Following Daniel into the Den

by Daniel Lee

This week Friend Dan Lee brought the message while Katherine was on vacation. Thank you, Dan, for the inspiration and thoughtful connections to early Friends!

When Katherine asked if I’d be available to give today’s message I immediately said yes.

I had no topic in mind, but almost immediately the Prophet Daniel popped into my mind. As a fellow Daniel, I’ve always been aware that the name Daniel means “God is my judge.” That can be a pretty sobering thought. But I will get to more on that in a minute.

In preparing for today’s message, I tried to follow the early Quakers in how to study the Bible.

The early Quakers, George Fox certainly among them, strived to read the Scriptures in the spirit in which they were written.
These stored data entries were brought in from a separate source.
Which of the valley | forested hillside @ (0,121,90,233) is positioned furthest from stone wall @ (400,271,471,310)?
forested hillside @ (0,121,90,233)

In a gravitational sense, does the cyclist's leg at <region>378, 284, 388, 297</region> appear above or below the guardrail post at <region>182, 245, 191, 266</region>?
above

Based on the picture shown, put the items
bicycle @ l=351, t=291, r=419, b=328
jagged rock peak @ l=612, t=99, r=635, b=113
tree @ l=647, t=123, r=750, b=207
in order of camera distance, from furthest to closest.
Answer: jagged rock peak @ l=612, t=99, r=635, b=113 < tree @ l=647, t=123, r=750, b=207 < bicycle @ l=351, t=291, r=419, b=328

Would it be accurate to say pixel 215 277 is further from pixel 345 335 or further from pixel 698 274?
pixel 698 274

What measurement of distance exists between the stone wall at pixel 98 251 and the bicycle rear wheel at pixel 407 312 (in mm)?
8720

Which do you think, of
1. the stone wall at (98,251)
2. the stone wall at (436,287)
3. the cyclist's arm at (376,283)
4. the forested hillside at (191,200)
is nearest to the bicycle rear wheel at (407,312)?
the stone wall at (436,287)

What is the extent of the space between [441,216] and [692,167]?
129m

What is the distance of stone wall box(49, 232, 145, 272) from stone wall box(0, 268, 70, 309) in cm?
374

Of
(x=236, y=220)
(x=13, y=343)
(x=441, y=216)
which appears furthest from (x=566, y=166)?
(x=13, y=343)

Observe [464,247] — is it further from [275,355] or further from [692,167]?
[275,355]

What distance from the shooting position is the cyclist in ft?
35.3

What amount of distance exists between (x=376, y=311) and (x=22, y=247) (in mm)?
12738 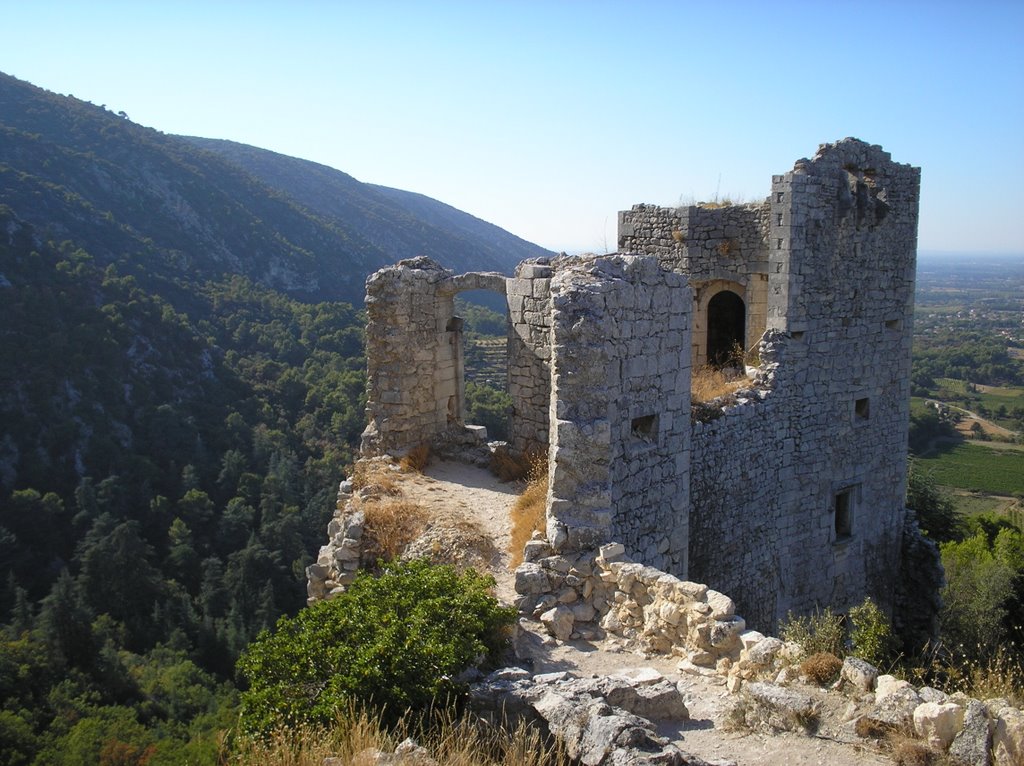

They read Scriptures in a meditative way, seeking to inform them inwardly to then apply that to their outward life.

We saw that approach vividly explained in our reading today from the Journal of George Fox.

“The Lord had said unto me that if but one man or woman were raised by His power to stand and live in the same Spirit that the prophets and apostles were in who gave forth the Scriptures, that man or woman should shake all the country in their profession for ten miles round.”

Throughout my message today, I am going to compare and contrast the experience of Daniel with that of George Fox to show just the amazing potential of this model of Bible study to strength our faith and our lives.

Let’s just say I spent a good bit of time in the past week with Daniel. Last weekend I read the entire book of Daniel from the Old Testament. I listened to a series of sermons on Daniels on a podcast while driving to and from work this week. I read commentary on Daniel, the prophet and faithful servant of God. I tried to imagine what it was like for Daniel, a handsome and promising young man taken away from his own culture by King Nebuchadnezzar.

I’ve always admired highly disciplined people, and Daniel always seemed that way to me. Daniel had the willpower to forgo the King’s royal food and wine for vegetables and water—almost like an elite athlete pushing their mind and body to the next level through self-sacrifice.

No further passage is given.